Riek expressed concerns of proceedings being dragged out. The trial date has been rescheduled from October to next February, in part due to a second psychological analysis being ordered, with the doctor having no contact so far with Morgan.
The case was originally assigned to Judge Alan White in Branch 3 and with no judge having been assigned to permanently fill the seat and an election scheduled for April, it is unknown what judge will handle the case as it goes to trial.
“My office has been in contact with the family,” said Riek, “and I think their current viewpoints are different from the ones in the victim impact statement.”
Riek said that she had not seen the victim impact statements and was unaware of what date they were taken, but said she suspected that the personal views of family members may be different now from what Kohlwey suggested.

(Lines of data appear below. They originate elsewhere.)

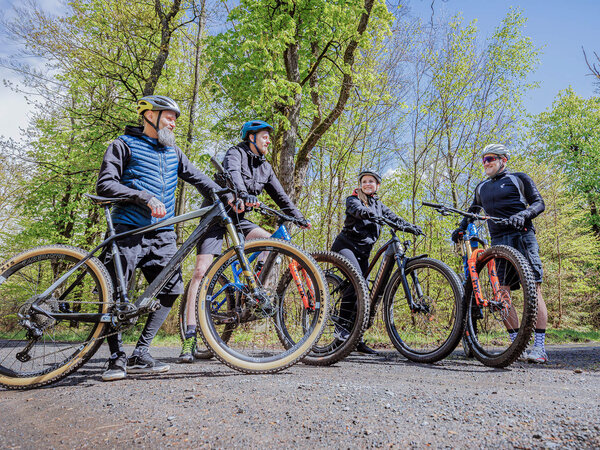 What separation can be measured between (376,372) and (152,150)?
2.70 meters

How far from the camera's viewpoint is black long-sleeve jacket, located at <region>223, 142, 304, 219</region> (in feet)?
12.4

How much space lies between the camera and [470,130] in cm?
1227

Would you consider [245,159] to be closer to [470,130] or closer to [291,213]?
[291,213]

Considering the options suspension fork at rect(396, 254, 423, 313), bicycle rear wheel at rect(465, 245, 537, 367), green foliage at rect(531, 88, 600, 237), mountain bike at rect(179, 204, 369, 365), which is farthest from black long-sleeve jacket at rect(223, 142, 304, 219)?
green foliage at rect(531, 88, 600, 237)

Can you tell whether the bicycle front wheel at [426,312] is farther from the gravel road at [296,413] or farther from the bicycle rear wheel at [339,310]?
the gravel road at [296,413]

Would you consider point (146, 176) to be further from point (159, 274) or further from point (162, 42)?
point (162, 42)

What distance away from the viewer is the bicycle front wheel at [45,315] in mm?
2568

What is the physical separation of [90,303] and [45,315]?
29 centimetres

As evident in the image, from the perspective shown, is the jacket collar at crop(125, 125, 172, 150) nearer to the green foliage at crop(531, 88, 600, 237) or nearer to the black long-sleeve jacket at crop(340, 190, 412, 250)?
the black long-sleeve jacket at crop(340, 190, 412, 250)

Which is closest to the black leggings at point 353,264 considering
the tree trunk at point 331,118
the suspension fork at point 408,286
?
the suspension fork at point 408,286

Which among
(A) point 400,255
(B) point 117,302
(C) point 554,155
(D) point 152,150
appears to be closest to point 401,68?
(A) point 400,255

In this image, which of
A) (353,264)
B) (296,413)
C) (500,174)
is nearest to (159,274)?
(296,413)

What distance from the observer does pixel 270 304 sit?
292 centimetres

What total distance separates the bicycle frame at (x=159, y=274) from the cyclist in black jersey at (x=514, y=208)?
2.80m
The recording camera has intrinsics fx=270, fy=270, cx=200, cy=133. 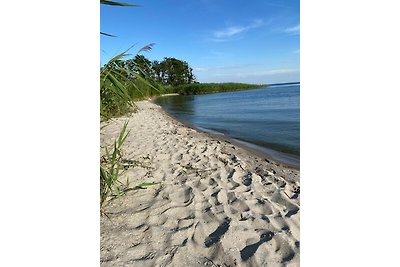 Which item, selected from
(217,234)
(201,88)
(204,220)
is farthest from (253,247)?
(201,88)

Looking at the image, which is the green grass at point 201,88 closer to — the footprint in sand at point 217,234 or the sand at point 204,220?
the sand at point 204,220

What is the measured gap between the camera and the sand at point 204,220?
1559mm

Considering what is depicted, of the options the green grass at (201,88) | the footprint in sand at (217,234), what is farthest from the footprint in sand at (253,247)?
the green grass at (201,88)

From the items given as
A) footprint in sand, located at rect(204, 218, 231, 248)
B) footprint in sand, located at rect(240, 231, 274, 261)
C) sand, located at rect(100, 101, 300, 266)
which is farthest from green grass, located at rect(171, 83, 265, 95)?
footprint in sand, located at rect(240, 231, 274, 261)

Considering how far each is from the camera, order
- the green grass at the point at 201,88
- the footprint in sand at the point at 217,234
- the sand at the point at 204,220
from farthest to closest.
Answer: the green grass at the point at 201,88 → the footprint in sand at the point at 217,234 → the sand at the point at 204,220

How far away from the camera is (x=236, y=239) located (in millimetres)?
1708

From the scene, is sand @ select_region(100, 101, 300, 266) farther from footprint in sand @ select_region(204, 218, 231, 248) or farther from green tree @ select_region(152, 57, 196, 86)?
green tree @ select_region(152, 57, 196, 86)

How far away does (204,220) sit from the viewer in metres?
1.96

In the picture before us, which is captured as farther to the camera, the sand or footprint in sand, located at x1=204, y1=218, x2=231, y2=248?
footprint in sand, located at x1=204, y1=218, x2=231, y2=248

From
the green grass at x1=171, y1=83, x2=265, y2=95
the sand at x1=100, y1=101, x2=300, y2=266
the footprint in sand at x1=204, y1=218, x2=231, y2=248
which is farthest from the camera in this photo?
the green grass at x1=171, y1=83, x2=265, y2=95

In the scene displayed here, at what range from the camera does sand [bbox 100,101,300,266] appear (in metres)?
1.56

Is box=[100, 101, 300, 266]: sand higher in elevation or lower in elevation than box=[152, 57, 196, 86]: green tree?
lower

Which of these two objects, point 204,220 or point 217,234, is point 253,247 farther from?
point 204,220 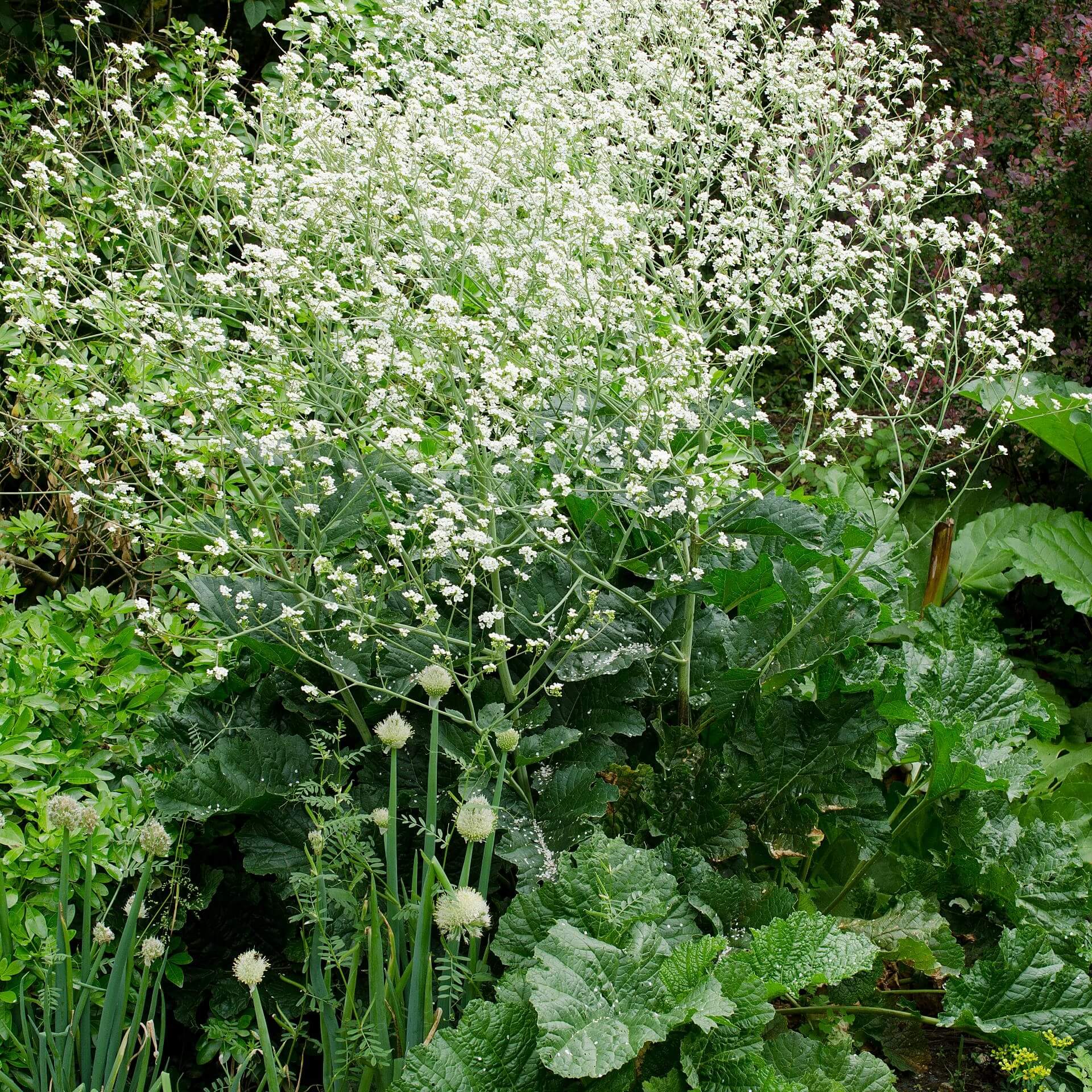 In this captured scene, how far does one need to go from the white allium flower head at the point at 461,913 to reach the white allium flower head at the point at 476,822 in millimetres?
91

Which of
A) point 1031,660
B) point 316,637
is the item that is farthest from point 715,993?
point 1031,660

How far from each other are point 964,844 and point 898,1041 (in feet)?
1.58

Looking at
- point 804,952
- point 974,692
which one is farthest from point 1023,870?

“The number of people that it is alleged he put at risk by his behavior is probably difficult to quantify,” said Judge W. Andrew Voigt, “because the number has to be surprisingly large.”
Voigt said that despite complications and stalling of the court process, it would be difficult to reason how a release for Morgan would play out given the intimacy between himself and the victims.
“The allegations involve firing a weapon in the direction of other people including law enforcement officers,” said Voigt, “and that is simply too serious of a set of allegations for this court to be confident that Mr. Morgan isn’t going to repeat this type of behavior and that he is going to come back to court to face these allegations.
In February, Morgan appeared for a preliminary hearing where he entered a plea of not guilty for reason of mental disease. He is scheduled for a five-day jury trial beginning Feb. 12.